__INSTRUCTIONS TO FOLLOW__
Leave out any pictures and transcribe all other data below exactly.

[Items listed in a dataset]

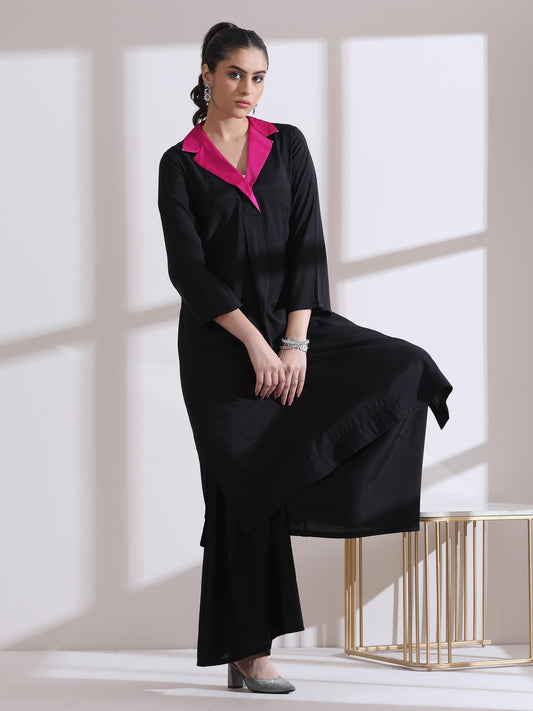 Dhiyona ST Women's Black Kurta with Fuchsia Gold Point Collar and Palazzo 2 Piece Set | Straight Fit, V Neck, 3/4 Sleeves, Work Wear, (AirSkin Cotton Silk Blend)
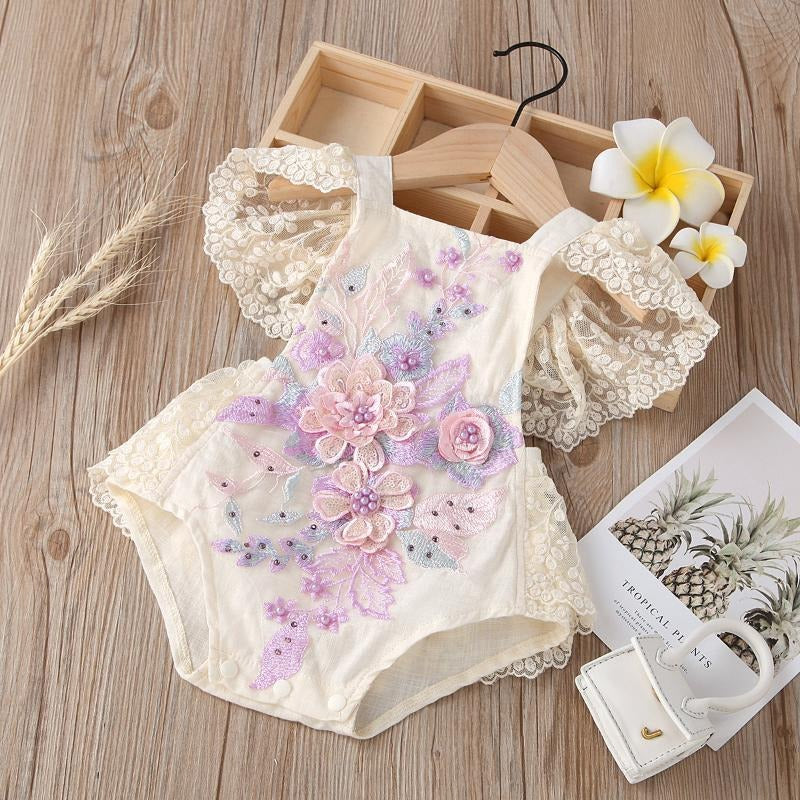 Enchanted Embroidered Lace Baby Girls Cotton Romper – Elegant and Comfortable Infant Outfit
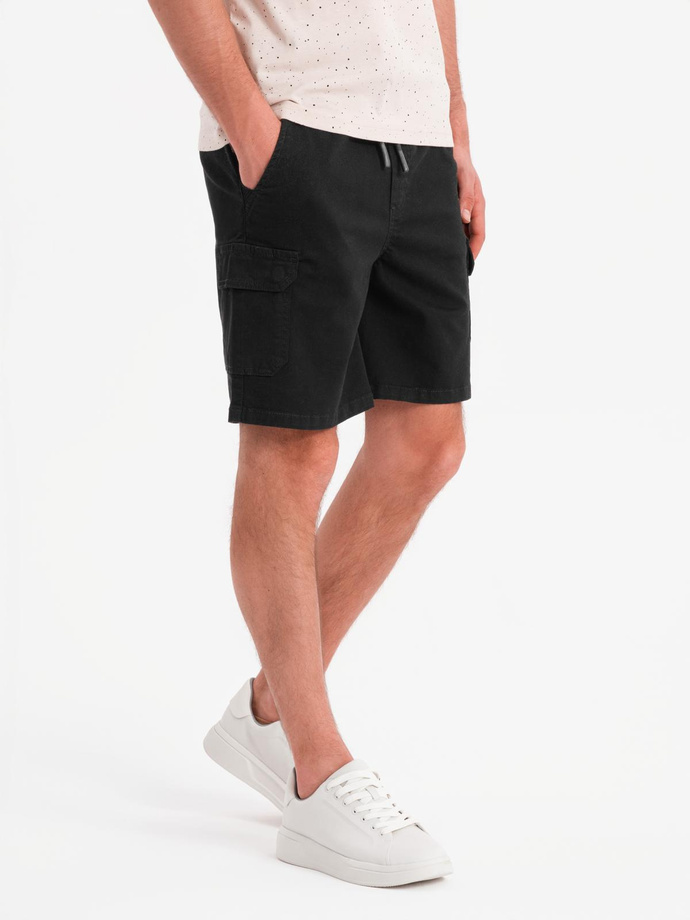 Men's cotton cargo shorts with elastic waistband - black V4 OM-SRCG-0190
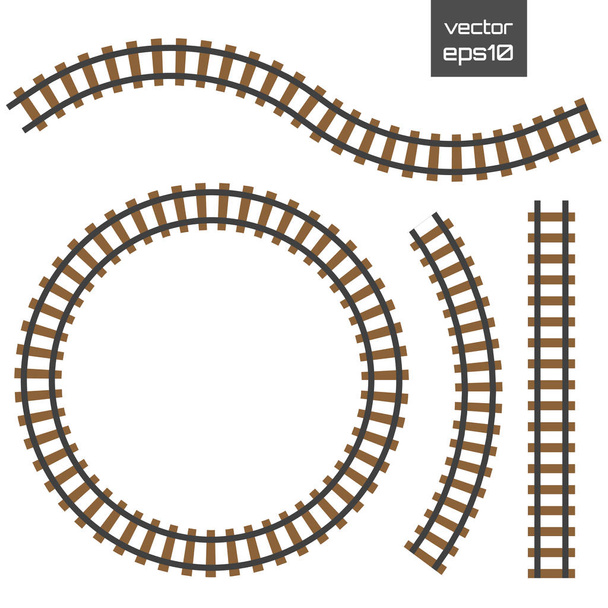 Vector rails set. Railways on white background. Railroad tracks. - Vecteur, image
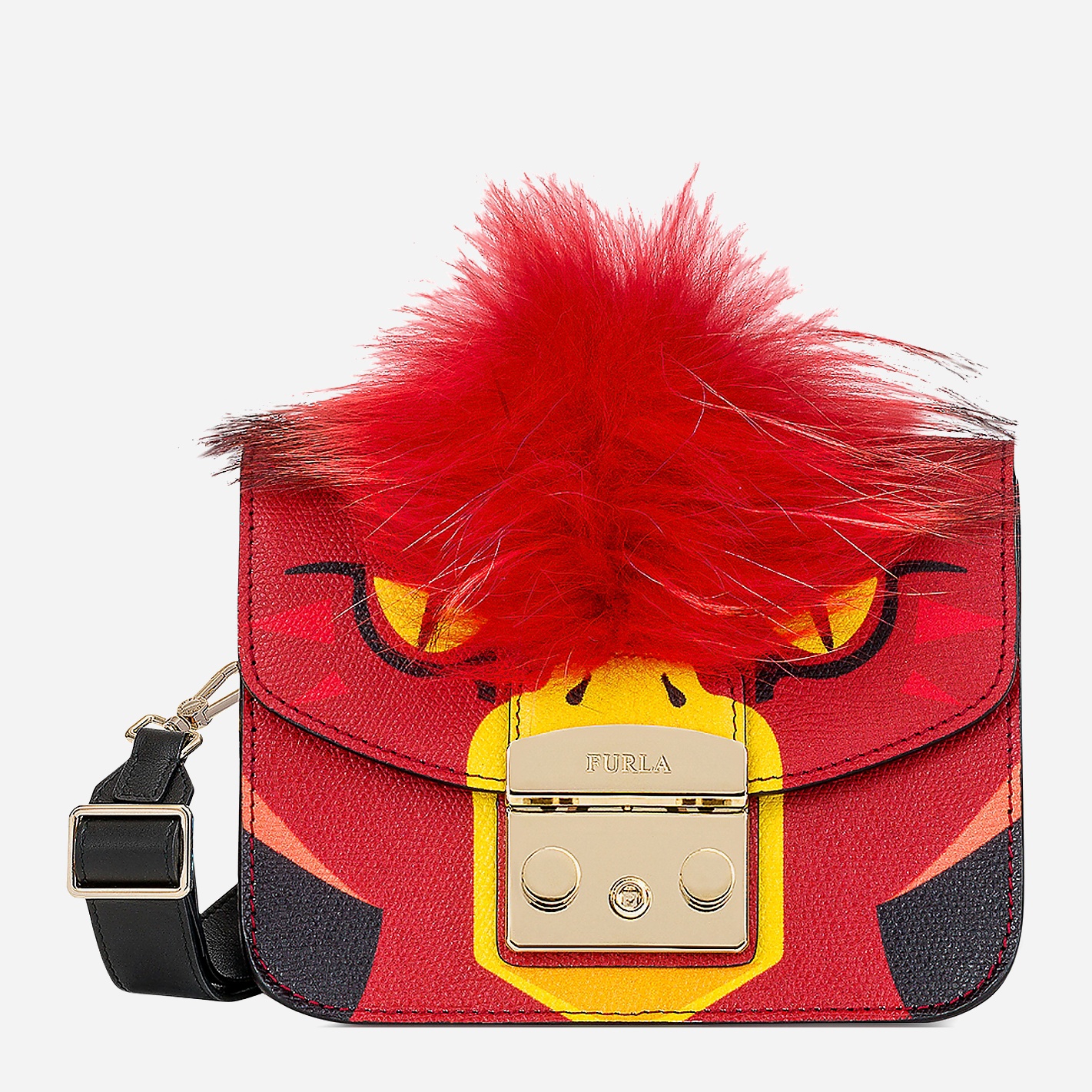 

Сумка женская кожаная Furla Metropolis Jungle Mini Crossbody 881177 Бордовая с анималистическим принтом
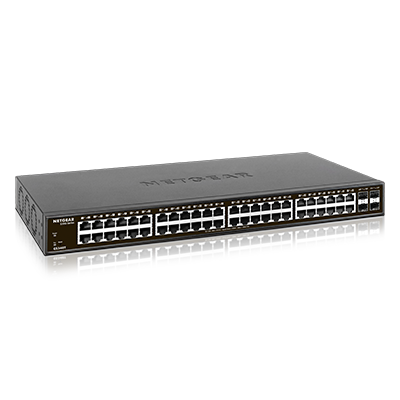 GS348T | S350 Series 48-Port Gigabit Ethernet Smart Switch and 4
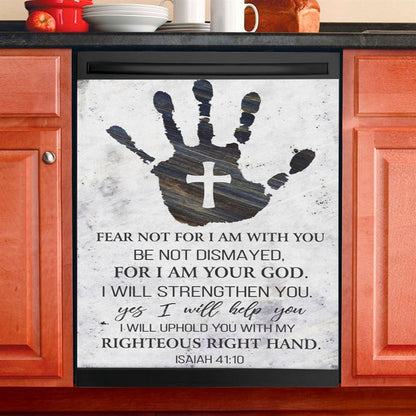 Isaiah 4110 I Will Strengthen You And Help You Bible Verse Dishwasher Cover, Bible Verse Dishwasher Stickers, Scripture Kitchen Decor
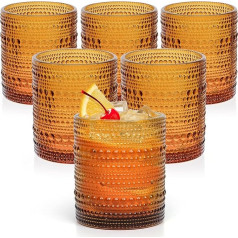 Winter Shore 300 ml Amber Glasses Set of 6 - Textured & Food-Grade Vintage Drinking Glasses Set - Beautiful Glasses & Drinkware for Water, Cocktails, Juice - Great Gift Idea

__RESPONSE BELOW__
 Dhiyona ST Women's Black Kurta with Fuchsia Gold Point Collar and Palazzo 2 Piece Set | Straight Fit, V Neck, 3/4 Sleeves, Work Wear, (AirSkin Cotton Silk Blend)
 Enchanted Embroidered Lace Baby Girls Cotton Romper – Elegant and Comfortable Infant Outfit
 Men's cotton cargo shorts with elastic waistband - black V4 OM-SRCG-0190
 Vector rails set. Railways on white background. Railroad tracks. - Vecteur, image

Сумка женская кожаная Furla Metropolis Jungle Mini Crossbody 881177 Бордовая с анималистическим принтом
 GS348T | S350 Series 48-Port Gigabit Ethernet Smart Switch and 4
 Isaiah 4110 I Will Strengthen You And Help You Bible Verse Dishwasher Cover, Bible Verse Dishwasher Stickers, Scripture Kitchen Decor
 Winter Shore 300 ml Amber Glasses Set of 6 - Textured & Food-Grade Vintage Drinking Glasses Set - Beautiful Glasses & Drinkware for Water, Cocktails, Juice - Great Gift Idea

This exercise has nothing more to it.